The following exercise shows you how to use XmlDocument. You’ll write a program that reads the volcano XML file into memory and then inserts a new element into the structure.

  1. Start a new Visual C++ Console Application (.NET) project named CppDom.

  2. Add the two following lines to the top of CppDom.cpp. These lines reference the XML DLL and help you access the namespace members.

    #using <System.xml.dll> using namespace System::Xml; 
  3. You’re going to supply the name of the XML document to read when you run the program from the command line, so change the declaration of the _tmain function to include the command-line argument parameters, as shown here:

    int _tmain(int argc, char* argv[])
  4. Add this code to the start of the _tmain function to check the number of arguments and save the path:

    // Check for required arguments if (argc < 2) { Console::WriteLine(S"Usage: CppXmlWriter path"); return -1; } String* path = new String(argv[1]);
  5. Create a new managed class named XmlBuilder, and give it an XmlDocument* as a data member:

    __gc class XmlBuilder { XmlDocument* doc; };

    You need a managed class because it will be necessary to pass the XmlDocument pointer around between functions. You could pass the pointer explicitly in the argument list of each function, but it’s better to make it a member of a class so that it can be accessed by all the member functions.

  6. Add a constructor that creates an XmlDocument object, and tell it to load the file that was specified on the command line.

    public: XmlBuilder(String* path) { // Create the XmlDocument doc = new XmlDocument(); // Load the data doc->Load(path); Console::WriteLine(S"Document loaded"); }

    Unlike XmlTextReader, the XmlDocument class reads and parses the file when it’s constructed. Note that you’re not catching exceptions here. Something might go wrong when opening or parsing the file, but exceptions are left for the caller to handle.

  7. Add some code to the _tmain function to create an XmlBuilder object. Make sure you are prepared to handle any exceptions that occur.

    // Create a Builder and get it to read the file try { XmlBuilder* pf = new XmlBuilder(path); } catch(Exception* pe) { Console::WriteLine(pe->Message); }

    You can try building and running the code at this point. First copy the volcano.xml and geology.dtd files you created earlier into the project folder.
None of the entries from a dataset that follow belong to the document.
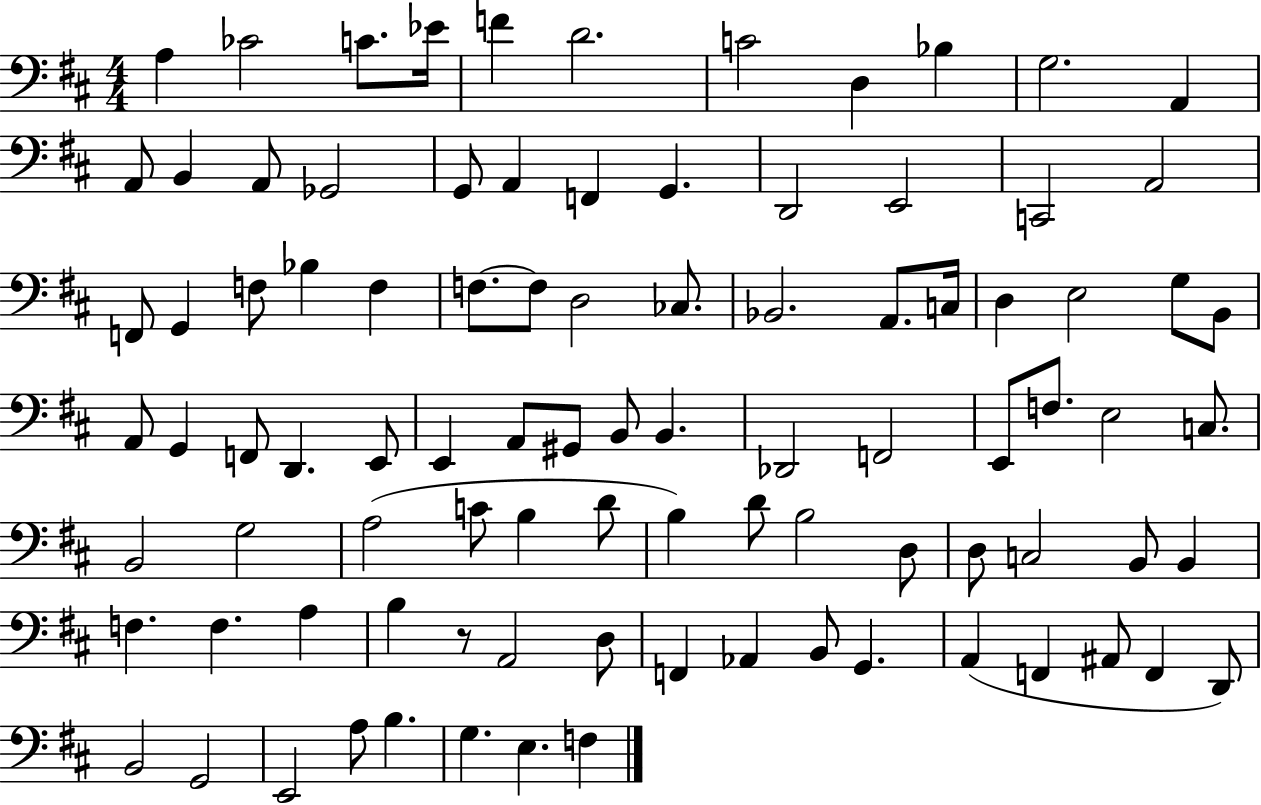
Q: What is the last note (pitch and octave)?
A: F3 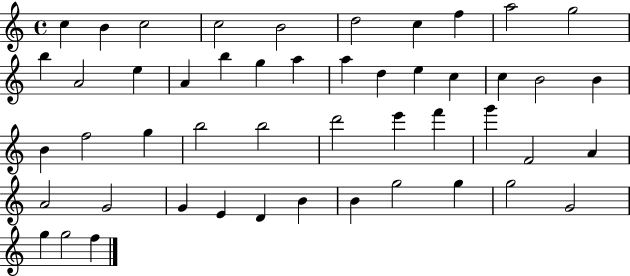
X:1
T:Untitled
M:4/4
L:1/4
K:C
c B c2 c2 B2 d2 c f a2 g2 b A2 e A b g a a d e c c B2 B B f2 g b2 b2 d'2 e' f' g' F2 A A2 G2 G E D B B g2 g g2 G2 g g2 f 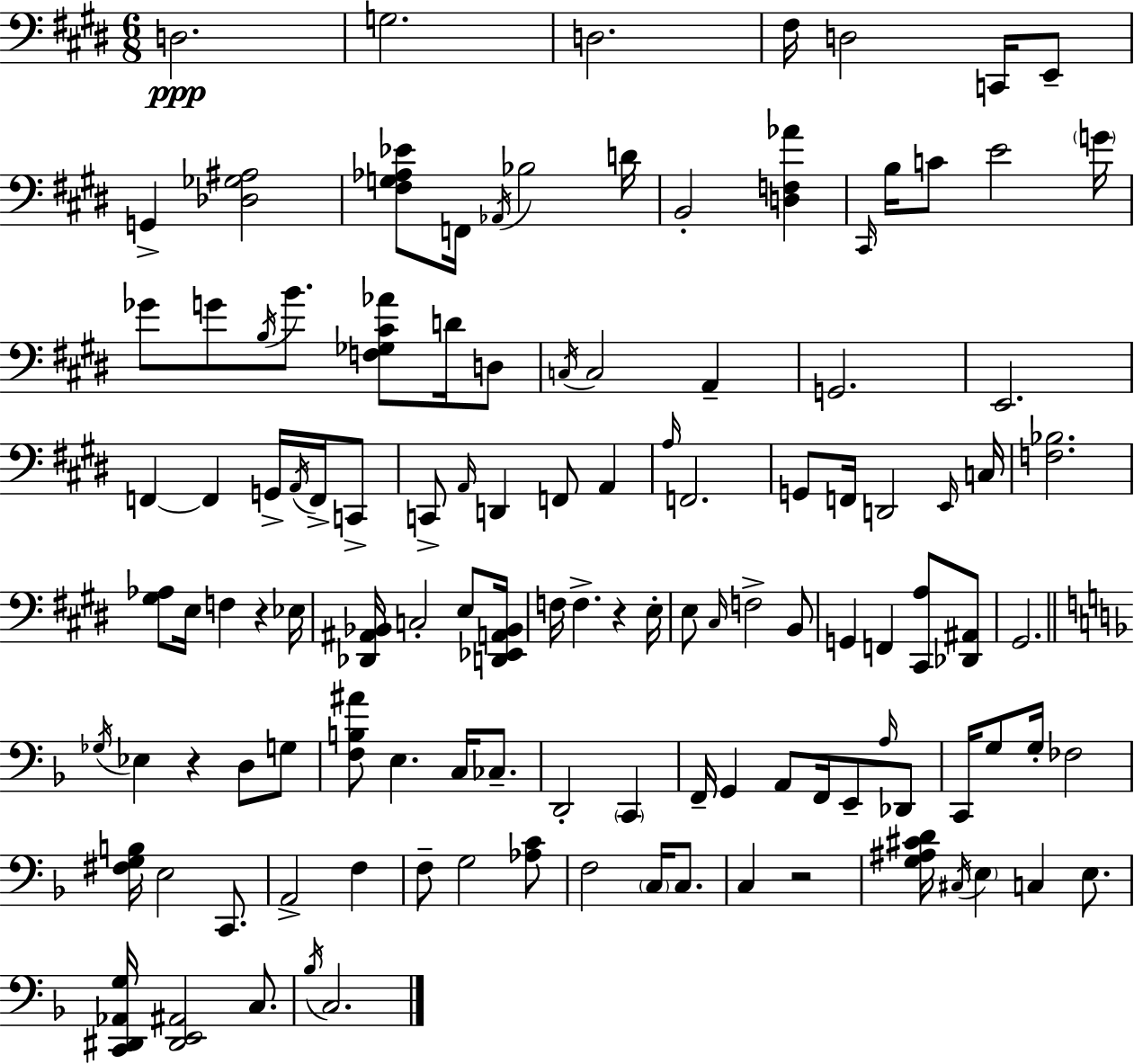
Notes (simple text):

D3/h. G3/h. D3/h. F#3/s D3/h C2/s E2/e G2/q [Db3,Gb3,A#3]/h [F#3,G3,Ab3,Eb4]/e F2/s Ab2/s Bb3/h D4/s B2/h [D3,F3,Ab4]/q C#2/s B3/s C4/e E4/h G4/s Gb4/e G4/e B3/s B4/e. [F3,Gb3,C#4,Ab4]/e D4/s D3/e C3/s C3/h A2/q G2/h. E2/h. F2/q F2/q G2/s A2/s F2/s C2/e C2/e A2/s D2/q F2/e A2/q A3/s F2/h. G2/e F2/s D2/h E2/s C3/s [F3,Bb3]/h. [G#3,Ab3]/e E3/s F3/q R/q Eb3/s [Db2,A#2,Bb2]/s C3/h E3/e [D2,Eb2,A2,Bb2]/s F3/s F3/q. R/q E3/s E3/e C#3/s F3/h B2/e G2/q F2/q [C#2,A3]/e [Db2,A#2]/e G#2/h. Gb3/s Eb3/q R/q D3/e G3/e [F3,B3,A#4]/e E3/q. C3/s CES3/e. D2/h C2/q F2/s G2/q A2/e F2/s E2/e A3/s Db2/e C2/s G3/e G3/s FES3/h [F#3,G3,B3]/s E3/h C2/e. A2/h F3/q F3/e G3/h [Ab3,C4]/e F3/h C3/s C3/e. C3/q R/h [G3,A#3,C#4,D4]/s C#3/s E3/q C3/q E3/e. [C2,D#2,Ab2,G3]/s [D#2,E2,A#2]/h C3/e. Bb3/s C3/h.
If you see the “Document loaded” message displayed when you run the program, you know that the document has been loaded and parsed.

The next step is to access the nodes in the tree. The current XML document contains three volcano elements; what you’ll do is find the second element and insert a new element after it. There are a number of ways in which you could do this, and I’ll just illustrate one method. It isn’t the most efficient way to do the job, but it does show how to use several XmlDocument and XmlNode methods and properties.

  1. Continue working on the CppDom project. Start working with the tree by getting a pointer to its root. Because you’ll use this root several times, add an XmlNode* member to the XmlBuilder class to hold the root, like this:

    private: XmlNode* root;
  2. Add the following code to the constructor to get the root node:

    // Get the root of the tree root = doc->DocumentElement;

    DocumentElement returns you the top of the DOM tree. Note that this is not the root element of the XML document, which is one level down.

  3. You also need to get the list of child nodes for the root. Because you’ll be using this list again, add an XmlNodeList* member to the class to hold the list.

    private: XmlNodeList* xnl; 
  4. The following code shows how you can get a list of child nodes and iterate over it. Add this code to the constructor:

    // get the child node list xnl = doc->ChildNodes; IEnumerator* ie = xnl->GetEnumerator(); while (ie->MoveNext() == true) Console::WriteLine(S"Child: {0}", (dynamic_cast<XmlNode*>(ie->Current))->Name);

    The ChildNodes property returns a list of child nodes as an XmlNodeList. The XmlNodeList is a typical .NET collection class, which means that you can get an enumerator to iterate over the nodes. The code iterates over the child nodes, printing the name of each. Note that because Current returns an Object*, it has to be cast to an XmlNode* before you can use the Name property.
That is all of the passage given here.